Converge & Chelsea Wolfe- Bloodmoon: I

Epitaph / Indigo
VÖ: 19.11.2021

Unsere Bewertung: 8/10

Eure Ø-Bewertung: 8/10

Gemeinschaftsritual

Es ist ja durchaus schwer in Mode, das musikalische Tun als Band gelegentlich mit Gästen zu bestreiten. Das führt mal zu einer einmaligen Live-Zusammenarbeit, sorgt ab und an auch für einen echten Hit und trägt gelegentlich sogar auf Albumlänge. Markantes Beispiel ist die überaus gelungene Gemeinschaftsproduktion "May our chambers be full" von Emma Ruth Rundle und Thou, die 2020 für Gänsehaut und Begeisterung sorgte. An eben jene Verschmelzung der musikalischen Welten wird denken, wer das neueste Album aus dem Hause Converge zwischen die Ohren bekommt, schließlich tritt hier Chelsea Wolfe als Gästin in Erscheinung. Außerdem mischen noch ihr Weggefährte Ben Chisholm und Stephen Brodsky, Frontmann von Cave In, mit. Indes: "Bloodmoon: I" kommt weniger als temporäre Erscheinung daher, sondern könnte der Auftakt zu einer langfristigen Kooperation sein. Um eines vorwegzunehmen: Das wäre schlicht großartig.
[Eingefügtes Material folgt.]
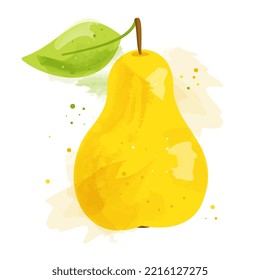 Pear con ilustración vectorial de efecto de acuarela. Comida vegetariana. Producto natural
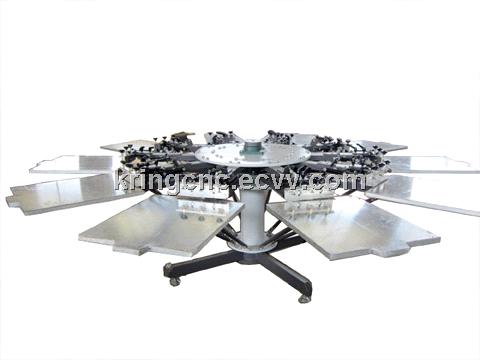 Manual 4 color/4 station rotary screen printing press for t shirts KR440M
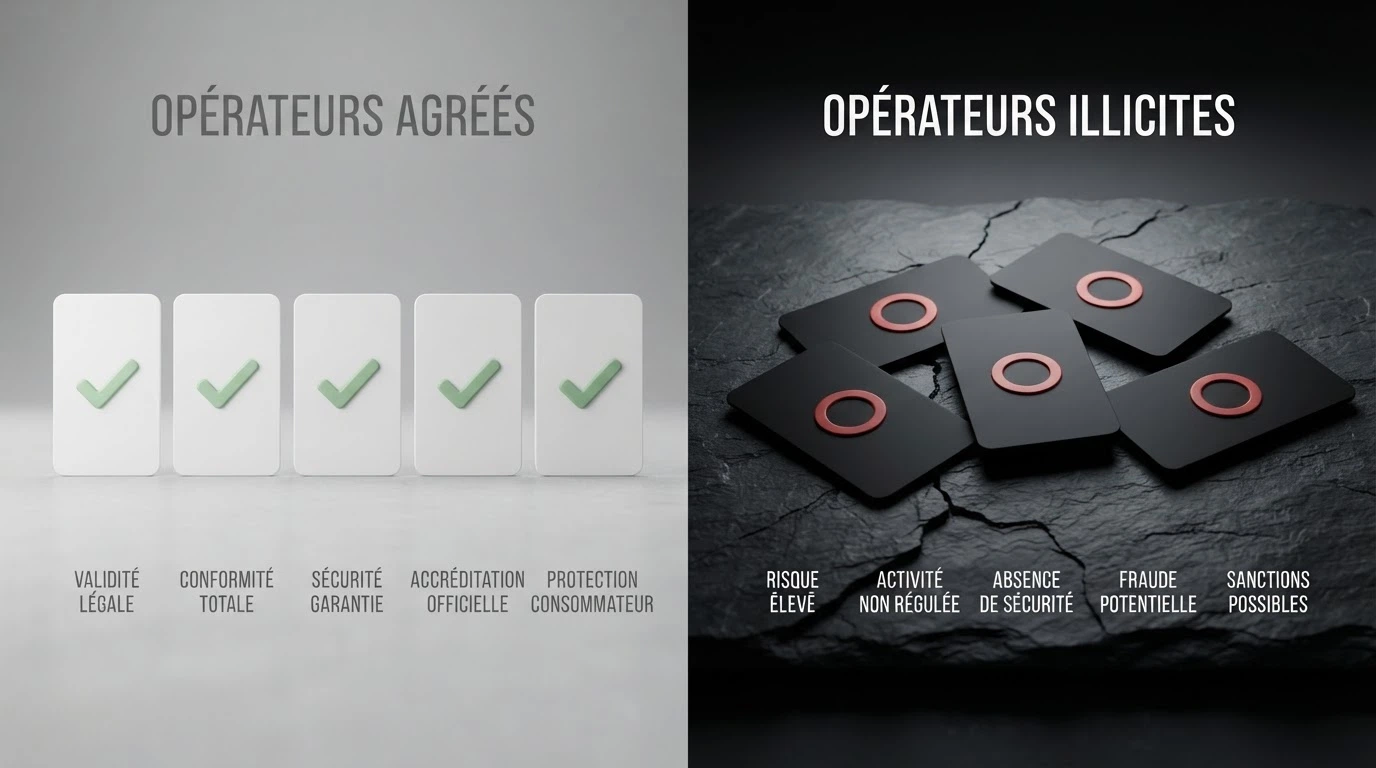 Écran partagé en deux colonnes : à gauche, les logos des cinq opérateurs agréés ANJ sur fond clair et structuré ; à droite, les logos de cinq casinos sans agrément sur fond sombre et fragmenté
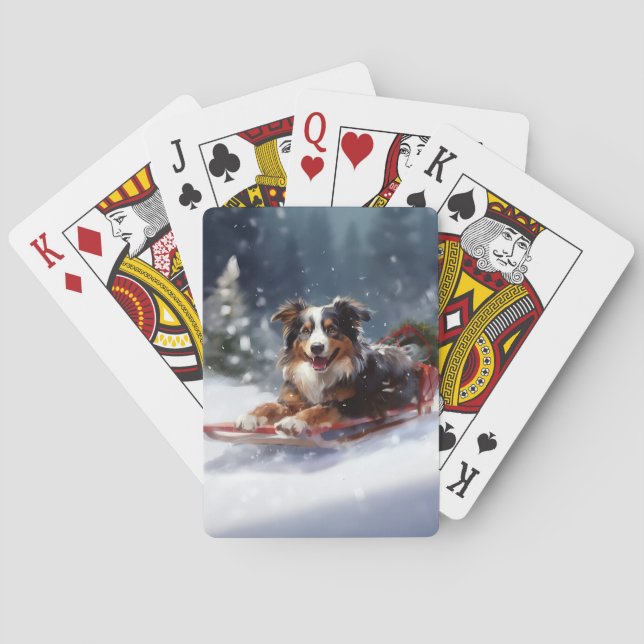 Australian shepherd jul i snö casinokort (Baksidan)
Converge und die genannten Mitstreiter trafen sich schon vor einiger Zeit, traten unter anderem beim Roadburn-Festival auf. Die Idee für etwas Größeres war geboren und liegt nun als rund einstündige Veröffentlichung vor. Converge stehen mit ihrem Namen auf dem Cover, und doch steckt in dem Album so viel mehr. Das liegt auch und gerade an der unwiderstehlichen Präsenz von Wolfe, die mit ihrer Stimme und ihrer Art des lyrischen Vortrags an allen ganz großen Momenten von "Bloodmoon: I" beteiligt ist. Allein die drei Auftaktstücke für sich rechtfertigen schon jede Art von Begeisterung, die man der ganzen Sache entgegenbringt. "Blood Moon" geht verhalten los, umgarnt mit Tastentönen, begrüßt schließlich Gitarre und Bass und sägt sich mitreißend in den Gehörgang, um schließlich nach fast acht Minuten prächtig auszuklingen. "Viscera of men" ballert in bester Hardcore-Tradition los, zieht die Bremse, bringt die Vielstimmigkeit der Beteiligten glänzend zueinander und wird dann nahezu andächtig. "Coil" rundet in der Folge das Einstiegstrio stimmig ab. Ohrwurmcharakter einerseits, eine ansteigende Spannungskurve andererseits: was für ein Start in dieses Album!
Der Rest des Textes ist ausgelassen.